Iranian regime media highlighted a meeting between Iranian Supreme Leader Mojtaba Khamenei and President Masoud Pezeshkian, likely to display unity amid reports of divisions within the regime. Iranian state media reported on May 7 that Pezeshkian met with Mojtaba for nearly two and a half hours but did not provide details about what Mojtaba and Pezeshkian discussed.[24] Pezeshkian stated after the meeting that Mojtaba’s “behavior can naturally be a model for the country's management and administrative system.”[25] This meeting comes after anti-regime media reported on May 5 that Pezeshkian was “angry” with IRGC Commander Major General Ahmad Vahidi’s decision to attack the United Arab Emirates (UAE).[26] Pezeshkian reportedly sought an emergency meeting with Mojtaba to ask him to stop the IRGC’s attacks on the UAE and to prevent their reoccurrence.[27] The fact that Iranian media and Mojtaba’s office have not provided details about what Mojtaba and Pezeshkian discussed suggests that Pezeshkian did not convince Mojtaba to alter the regime's current policies. ISW-CTP continues to assess that Vahidi is the regime's primary decisionmaker. Israeli media reported on April 19 that Vahidi is the only Iranian official with direct access to Mojtaba and is serving as a conduit for relaying key decisions to other regime officials.[28] Anti-regime media previously reported on April 1 that Pezeshkian had repeatedly tried to contact Mojtaba, but that a “military council” formed by Vahidi had prevented Pezeshkian from contacting Mojtaba.[29]

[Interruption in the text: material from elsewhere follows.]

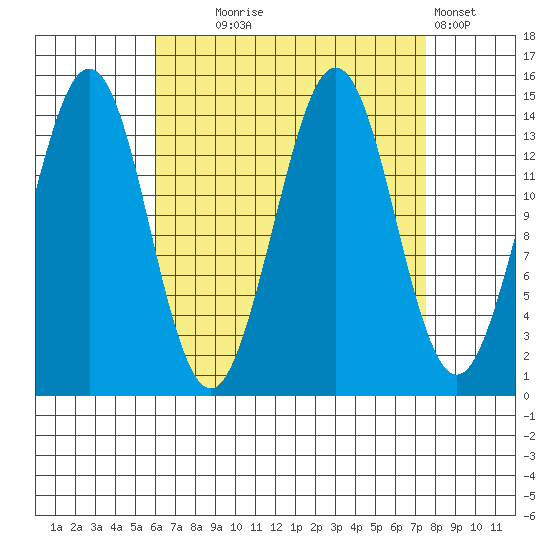 Thoms Point tide chart for Thursday, September 5, 2024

Iranian-backed Badr Organization head Hadi al Ameri has reportedly formed a committee with Iraqi Prime Minister-designate Ali al Zaidi and caretaker Prime Minister Mohammad Shia al Sudani to develop a plan to disarm Iranian-backed Iraqi militias.[45] US-funded Arabic media reported on May 5 that the Shia Coordination Framework, which is a loose coalition of Shia political parties, compelled the three officials to convene and develop an “implementable” plan to restrict arms to the Iraqi government.[46] Ameri met with Zaidi on May 7 to discuss government formation and the need for unity among “national political forces.”[47] An unnamed Shia Coordination Framework source claimed that several Iranian-backed Iraqi militias, including Asaib Ahl al Haq and the Imam Ali Brigades, have expressed support for the disarmament initiative if it incorporates the militias’ unspecified conditions for disarmament.[48] An unnamed Iraqi National Security Council official stated that Iranian-backed Iraqi militias Kataib Hezbollah and Harakat Hezbollah al Nujaba have rejected disarmament.[49] Harakat Hezbollah al Nujaba leader Akram al Kaabi rejected militia disarmament on May 6 and called the group's weapons a “red line.”[50]